* _PROMPT_:
All lines of the data shown below should be output exactly as they stand.
[[ INFORMATION SUPPLIED open ]]
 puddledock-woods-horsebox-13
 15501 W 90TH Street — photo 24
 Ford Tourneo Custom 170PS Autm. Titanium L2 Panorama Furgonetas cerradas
[[ INFORMATION SUPPLIED closed ]]
* _TASK ANSWER_:
 puddledock-woods-horsebox-13
 15501 W 90TH Street — photo 24
 Ford Tourneo Custom 170PS Autm. Titanium L2 Panorama Furgonetas cerradas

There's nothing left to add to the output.